Will this article ever end?

30 October 2020

The obvious answer is yes: there are only so many atoms in the universe to make paper and ink out of, so of course it will have to end at some point. But questions of this ilk, like so many apparently simple questions, can spark an interesting discussion. The more interesting question is this:

Question: Do all yes/no questions have an answer, and if so, is there an algorithm that can compute it just from the statement itself?

The first half of the question is clearly false, think about paradoxes like ‘Is the sentence “This sentence is false” true?’. For further discussion, please go talk to your favourite philosopher (mine is Nick Bostrom). The second half is something we will be looking into in more detail; more precisely, how such a question led to the creation of modern computer science. To rephrase the previous question with a bit more formality and clarity:

Question: Given a yes/no statement in formal logic, does there exist an algorithm that can compute the yes/no answer?

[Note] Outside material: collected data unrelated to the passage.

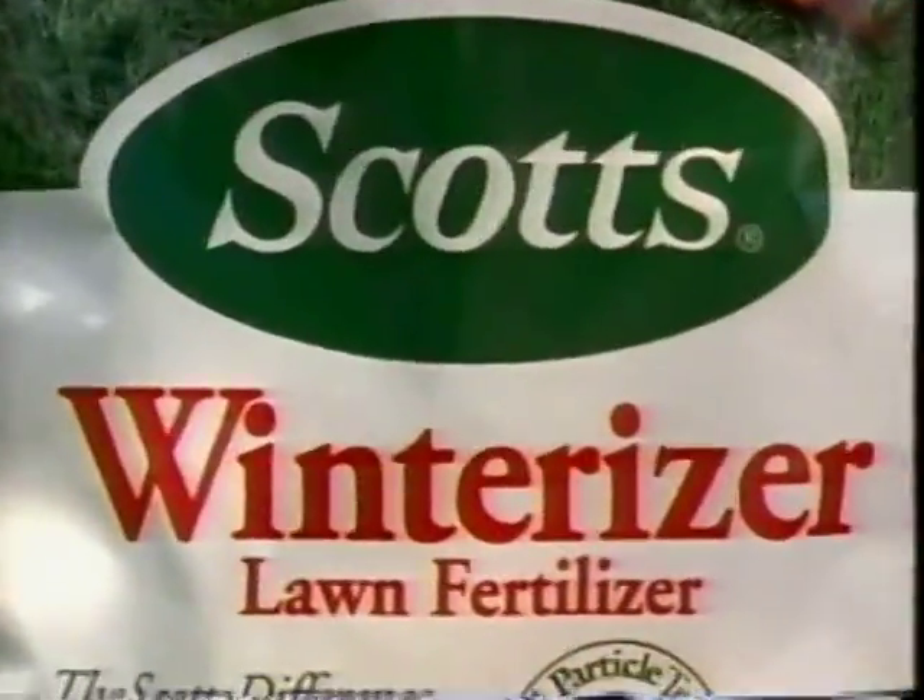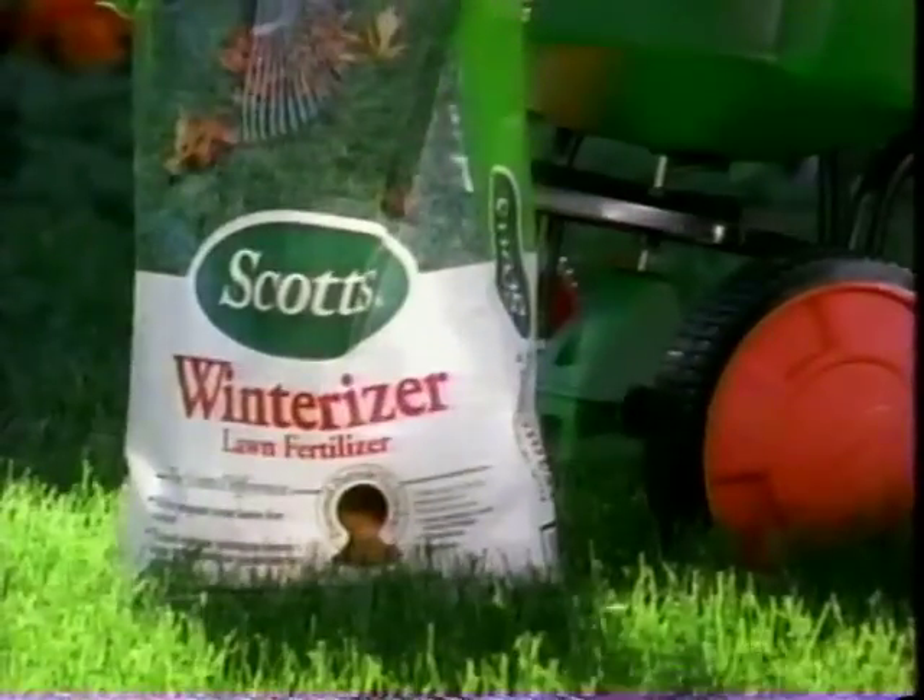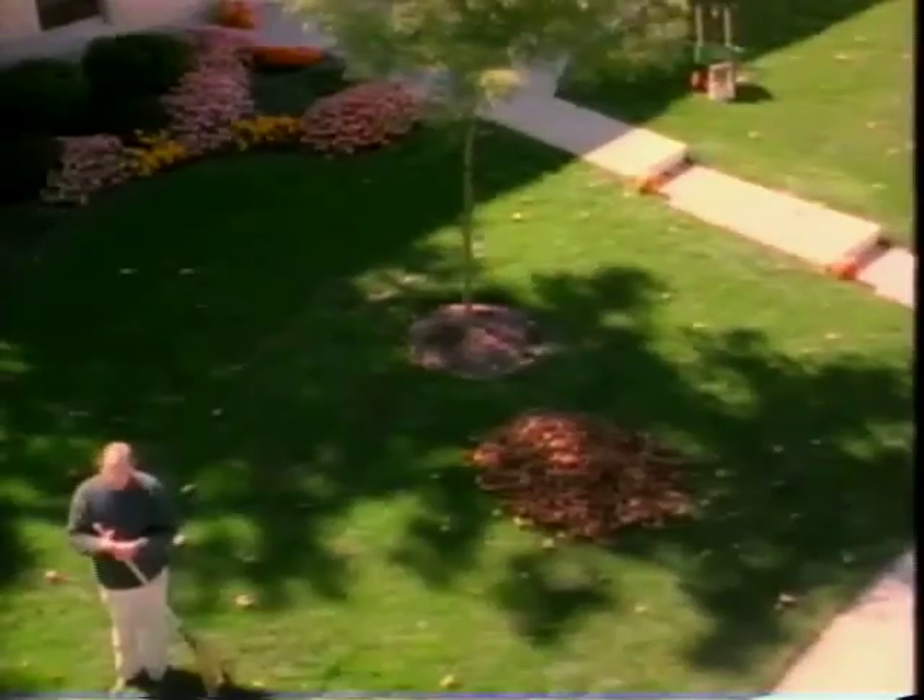There's no question about the fact that the lawn takes a real beating during the summer, and consequently you need something like Scotts Winterizer. When I put down Winterizer in the fall, it allows us to develop a good strong root base, and it allows the lawn to endure the winter weather and you get a real early greening.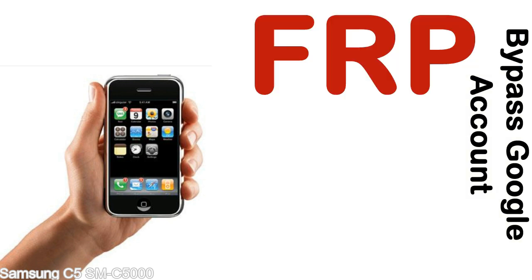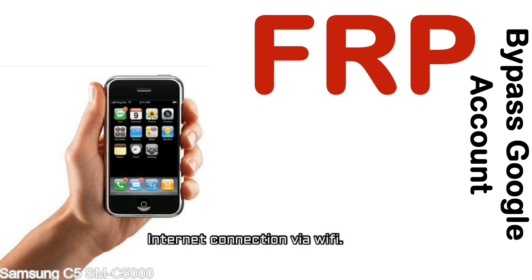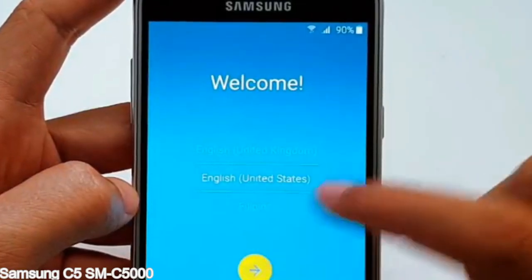Before starting: 1 — make sure that your device is well charged. Ideally, the battery level should be around 60 to 70% — the more the better. 2 — Internet connection via WiFi. Here is a step-by-step guide on how to bypass the Google account on your Samsung Galaxy device.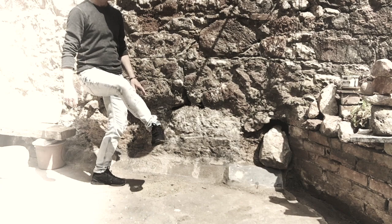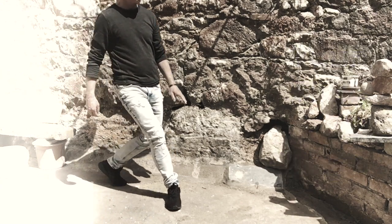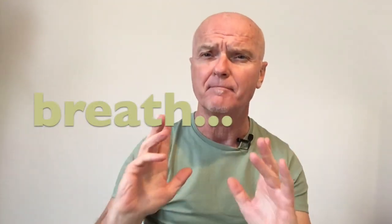I wanted to offer the same online. Hence, Your First Three Steps is completely free so that you can experience not just a sample but something more complete, that includes exercises in balance, coordination and tranquility of breath.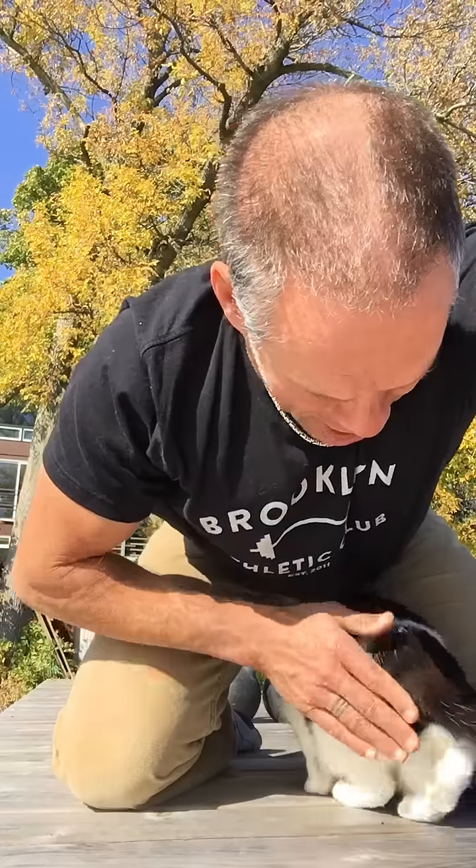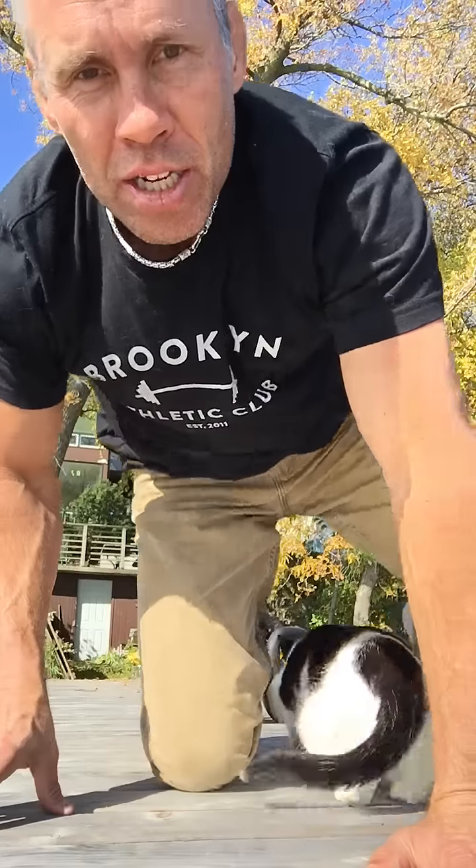I thought I'd just do this one for you guys out there today. It's a double overhead squat on the pier, which makes it a little more unstable, with the 24ks.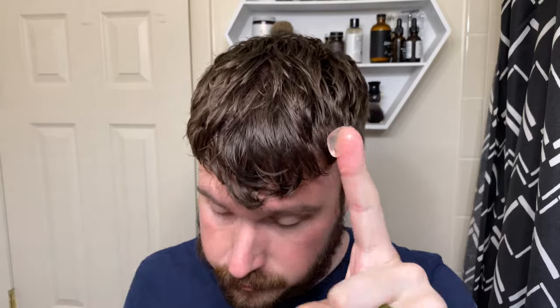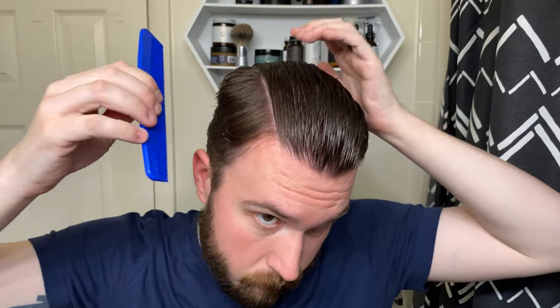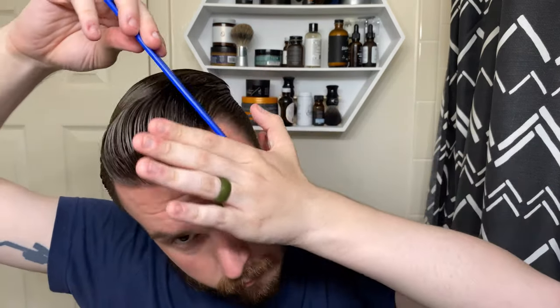I absolutely love it. You can't tell because the jar is dark, but the color of the product is clear. Scooping it out, it's a pretty thick product — feels just like a very thick gel. But when you begin to break it down there is a bit of stickiness, though it doesn't translate during application. I apply this product to towel dried hair with absolutely no issue. When you begin initially styling, it does feel actually rather slick, which I like because the product is called Slick.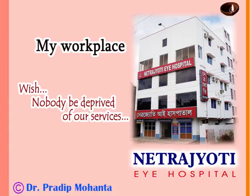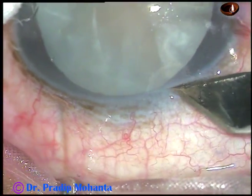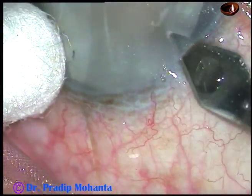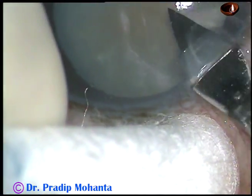Dear colleagues, welcome to my hospital at Rana Ghat, West Bengal, India. In this video, I want to show capsulorexis in two intumescent cataracts. This is the first one.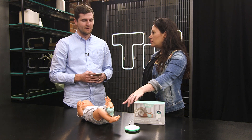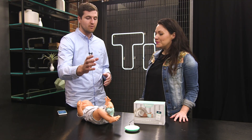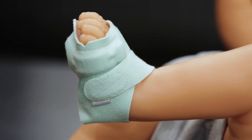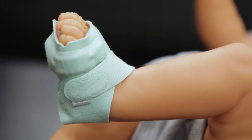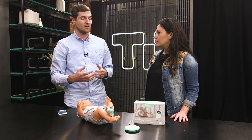What's different about this new sock versus the first version? The first big difference is the range between the sock and the base has increased dramatically — we've seen 10 times the range. Also the form factor has changed significantly, so you can have it on the left foot or the right foot. It fits better on newborns and preemies, and so we see a lot less false alarms.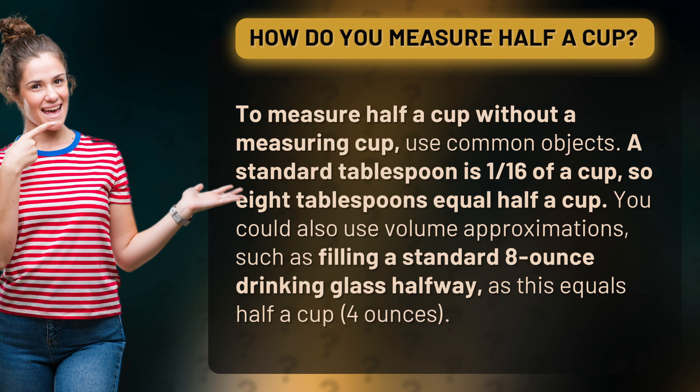You could also use volume approximations, such as filling a standard 8-ounce drinking glass halfway, as this equals half a cup — 4 ounces.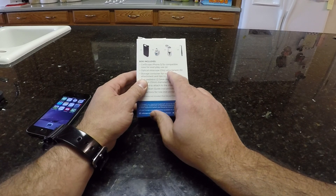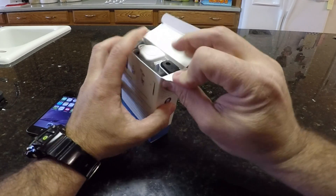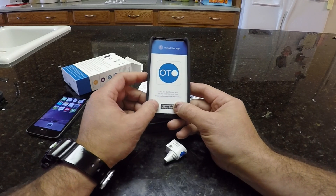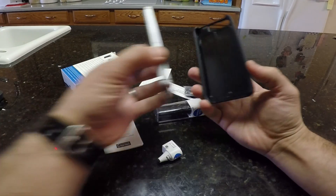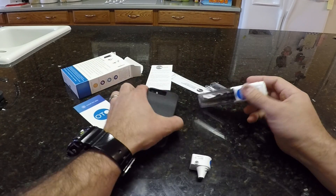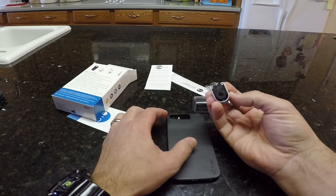The optical otoscope attachment, the storage container for the tips, pediatric tips and whatnot, a little cable to prevent it from falling to the ground. So it looks like a regular case. It's got that hard feeling to it. I like when they're a little bit more rubbery, but this is what's important — it has the special attachment for the light. The other cool thing is that it does include this here. That's so you can attach an insufflator, so you can do movement of the tympanic membrane by putting air in and out.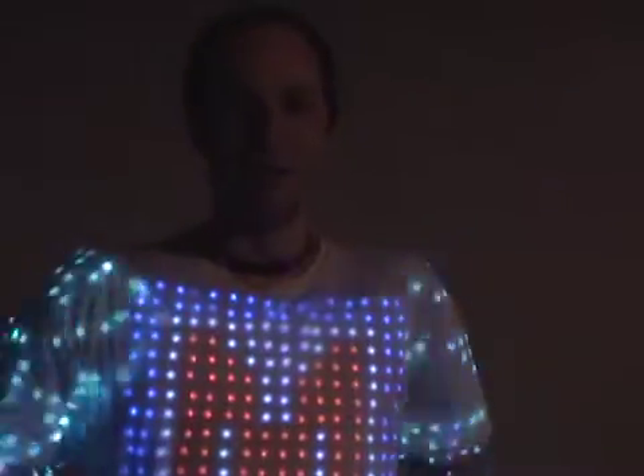Alright everybody, you've got to subscribe to YouTube slash ArtFuture. They rock. Follow them for the latest electronic stuff.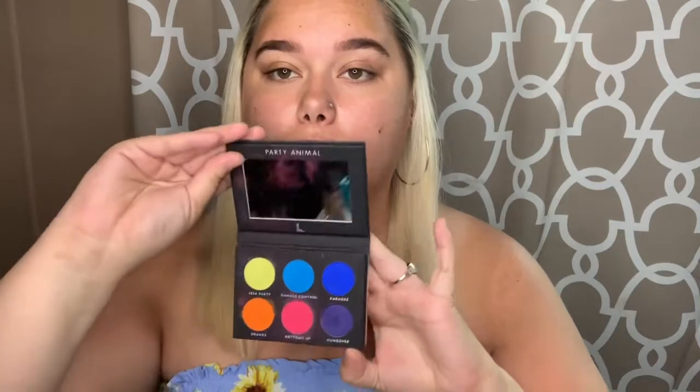Hey y'all, welcome to my channel. I'm gonna be doing a rainbow look because I was requested to do one. I've already done a rainbow look but I don't want to do the same look again, so I'm gonna do a different one. It's gonna be similar though. I'm gonna be using the Laura Lee Party Animal palette and also gonna be using the Limelight palette.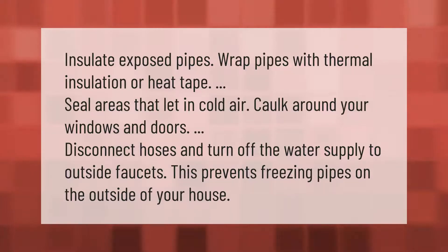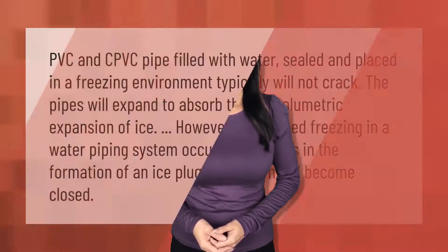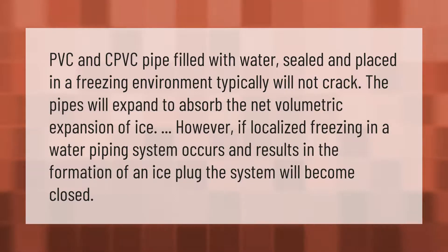PVC and CPVC pipe filled with water, sealed, and placed in a freezing environment typically will not crack. The pipes will expand to absorb the net volumetric expansion of ice.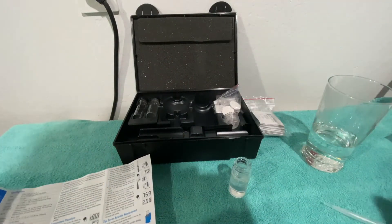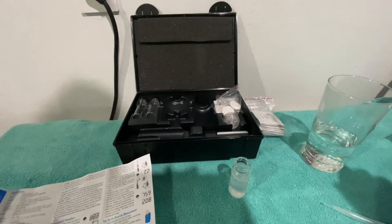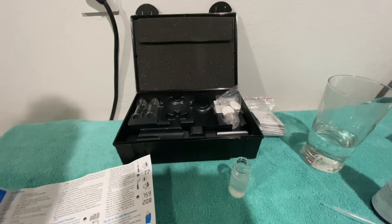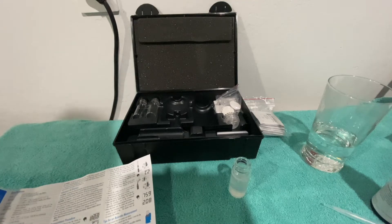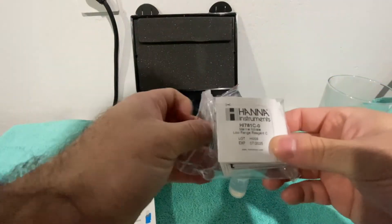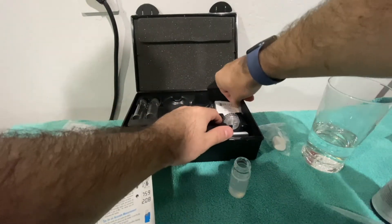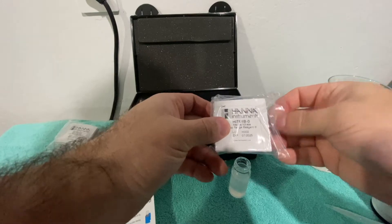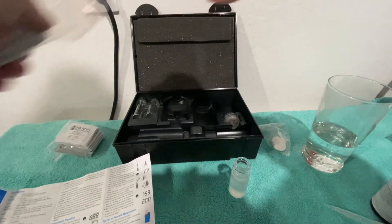Pop that in there. After that it says to put in the HI781BO packet. If you look at these packets, they are different — this one says CO and this one says BO — so it says to put the BO packet in.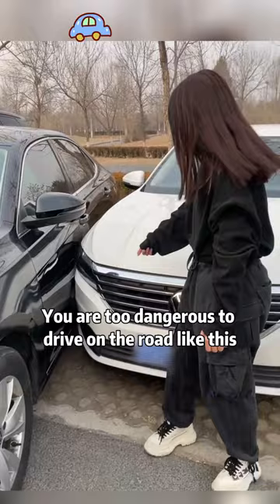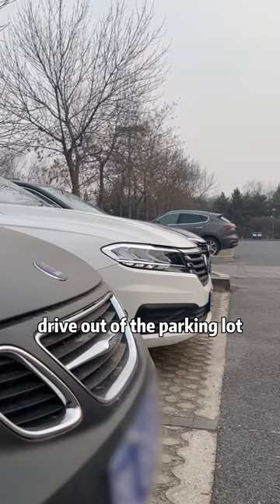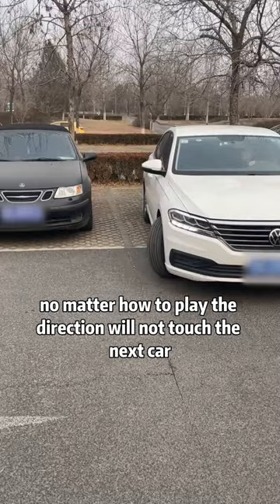There are skills to drive out of the garage. Come on, listen to me! First, drive out of the parking lot. When the driver's shoulders are aligned with the front of the car next to you, no matter how you turn the wheel, it will not touch the next car.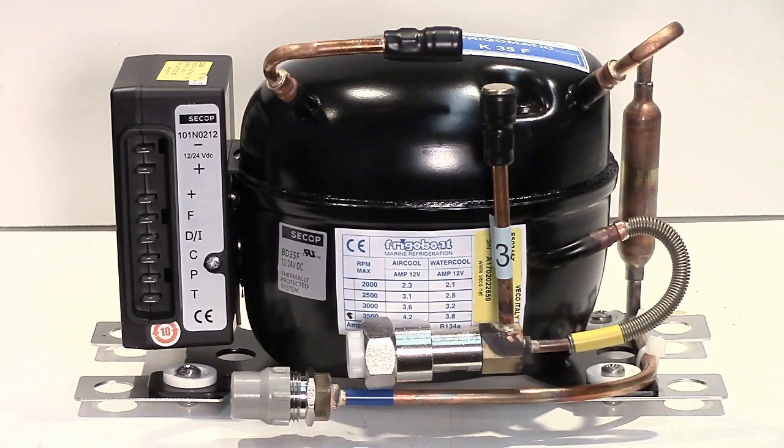This is the Seacop BD35 or 50 compressor and controller combination. This is actually a Frigiboot K Kew Cooler compressor — the 35, a little bit smaller capacity than the 50, but it's a good representation because it's bare bones.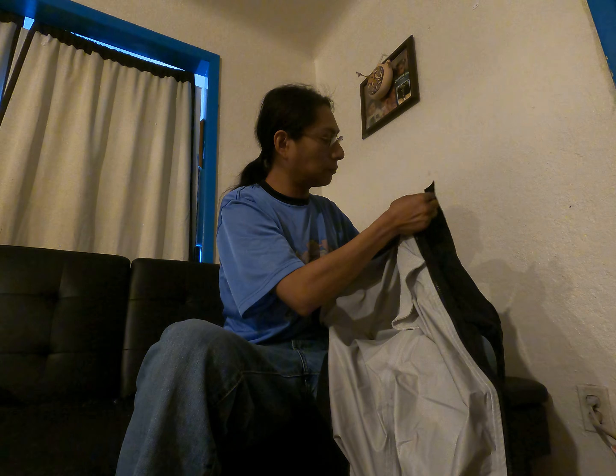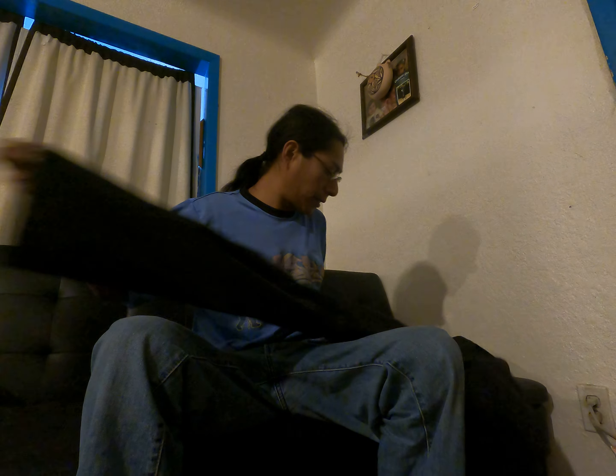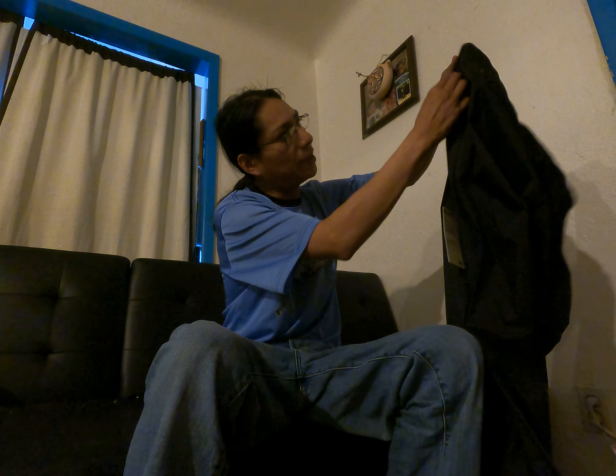Nice little fabric here. I thought it was knitted but it's not. Just thought I'd share that with you today. Full zip aways on both sides.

Formal logic is the logic used by mathematicians and logisticians (see How can we tell that $2\neq 1$?). Further discussion is well outside the scope of this article, but it is just there to make sure that the question the algorithm would try to solve doesn’t produce paradoxes like the one above. This question, or one very similar but in German and itself written in the language of formal logic, was posed by one of the most famous mathematicians of the 20th century—David Hilbert. It is called the decision problem, or Entscheidungsproblem in German. We can clearly see that this is an important question. Almost any question in mathematics can be posed in terms of formal logic and mathematics can be used almost anywhere. So being able to show that there will always be an algorithm to compute the answer to any question would be of incredible use. It would mean that there would always be a clear method to solve any problem that can be reduced to mathematics.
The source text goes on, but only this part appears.